Exercise instructions
Where a picture appears, leave it out, and transcribe all the lines below exactly.

Dataset section
= = = =

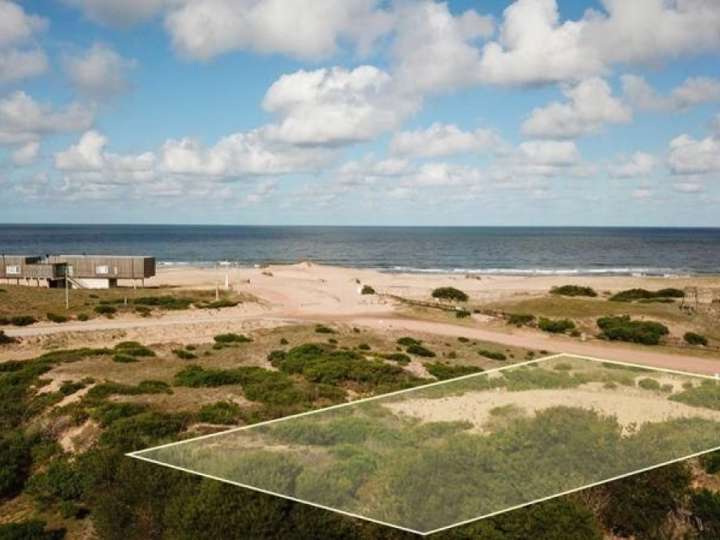 Terreno en venta en Avenida El Espolon, Maldonado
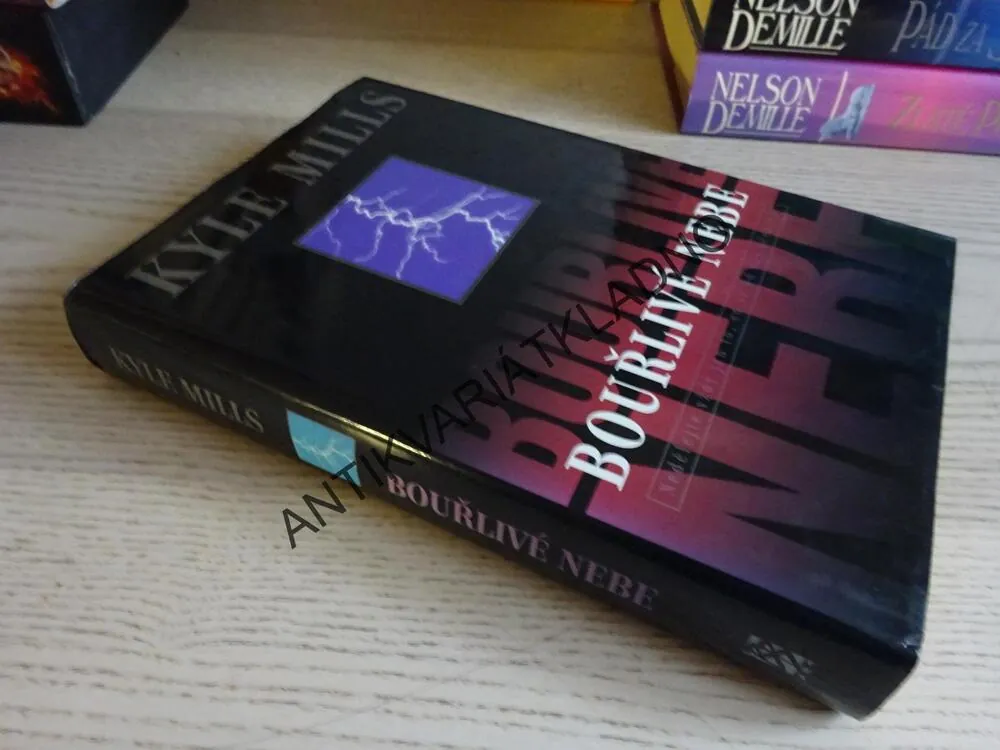 BOUŘLIVÉ NEBE, KYLE MILLS, **an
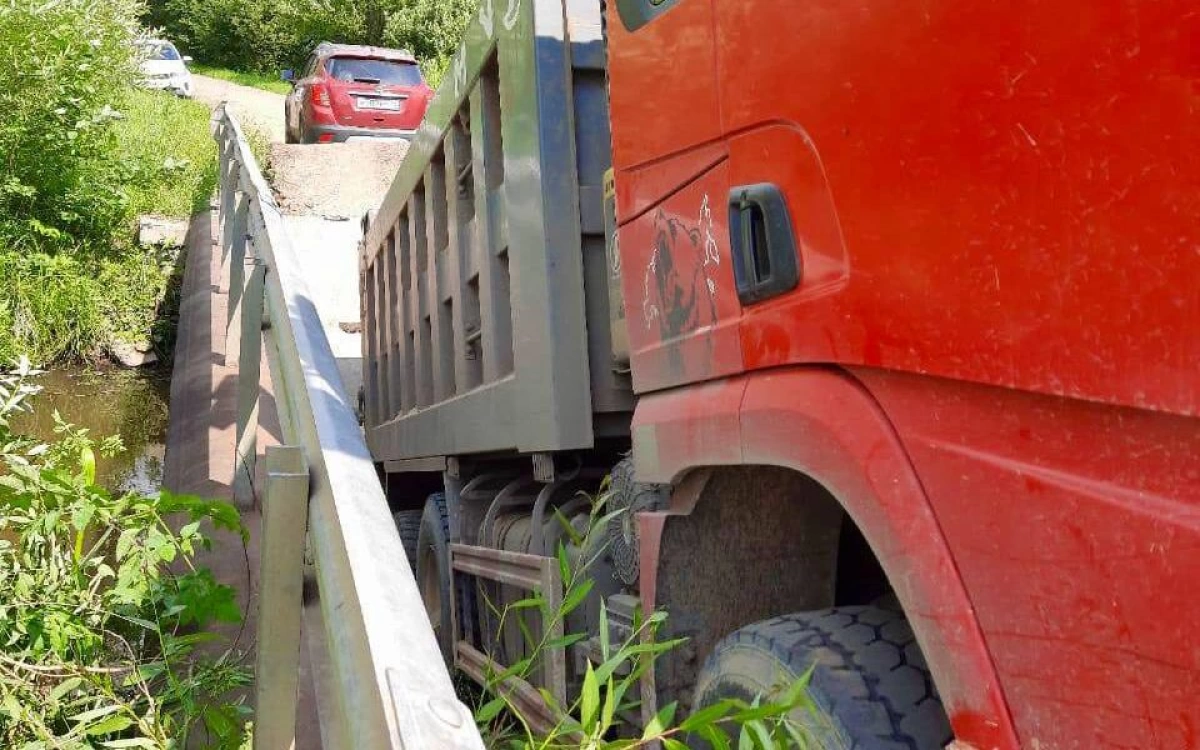 Грузовик обрушил мост в Ярославской области: суд снизил сумму ущерба Грузовик обрушил мост в Ярославской области: суд снизил сумму ущерба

= = = =

Solution to this exercise
 Terreno en venta en Avenida El Espolon, Maldonado
 BOUŘLIVÉ NEBE, KYLE MILLS, **an
 Грузовик обрушил мост в Ярославской области: суд снизил сумму ущерба Грузовик обрушил мост в Ярославской области: суд снизил сумму ущерба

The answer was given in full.